Art reviews are indispensable. They are ways of recognizing and following artists, of keeping in touch with the changing ways artists think and of the ways artists, dealers, curators and collectors function, of bringing new institutions and alternative spaces to public attention and tracing their rise or fall. They are ways for critics to evolve new ways of defining and thinking by finding out where their areas of ignorance and blindness are and working on them. (2)
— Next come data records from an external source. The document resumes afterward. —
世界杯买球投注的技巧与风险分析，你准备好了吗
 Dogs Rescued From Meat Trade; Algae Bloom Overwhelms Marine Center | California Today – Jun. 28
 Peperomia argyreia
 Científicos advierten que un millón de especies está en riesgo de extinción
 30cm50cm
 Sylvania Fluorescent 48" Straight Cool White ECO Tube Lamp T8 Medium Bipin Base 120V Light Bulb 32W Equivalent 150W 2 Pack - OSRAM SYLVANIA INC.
But in 2003, James Elkins, an art history professor at the School of the Art Institute of Chicago and perhaps the Anglophone world's leading concerned citizen regarding art criticism, opened his Prickly Paradigm Press booklet, What Happened to Art Criticism?, with "Art criticism is in worldwide crisis." He goes on:

Its voice has become very weak, and it is dissolving into the background clutter of ephemeral cultural criticism.... So it's dying, but it's everywhere. It's ignored, and yet it has the market behind it.... In a sense, then, art criticism is very healthy indeed. So healthy that it is outstripping its readers--there is more of it around than anyone can read.

Elkins's "more of it around than anybody can read" refers mainly to specialist art publications, from the glossiest and most readable to the most hermetic and small-circulation "little magazines." But occasionally, one of the mass-circulation magazines offers what's called in the business a "package" or "takeout" on art. The December 2006 Vanity Fair, for instance, devoted almost 80 pages in what its cover designated "The Art Issue" to the contemporary art "universe." To be fair, the VF treatment did offer a platter of red meat--a symposium on the state of the art world with a prominent dealer, collector, editor, artist, auctioneer and curator, profiles of established and emerging artists, and looks back at the Warhol Factory and the dramatis personae of early modernism. But, in the context of a magazine that smells like a cosmetics counter, feels like a Christmas catalogue and looks like a runway show, art bottom-lined once again as a frou-frou for the trendy rich. In W's "Art Issue," which ran a month earlier, art fared no better.

Judging by the newspapers of many major American cities and some national magazines, the more straightforwardly journalistic popular press appears to be covering art with some thoroughness. Roberta Smith, Holland Cotter and Michael Kimmelman at the New York Times, Peter Schjeldahl at the New Yorker, Mark Stevens at New York magazine, Jerry Saltz at the Village Voice, Jed Perl at the New Republic, Arthur Danto at the Nation, Ken Johnson (now) at the Boston Globe, Edward Sozanski and Edith Newhall at the Philadelphia Inquirer, Christopher Knight and David Pagel at the Los Angeles Times, Kenneth Baker at the San Francisco Chronicle, Robert L. Pincus at the San Diego Union-Tribune and several others produce a veritable mountain of words about art every month. And most if not all of their publications also print additional art writing by freelancers and stringers.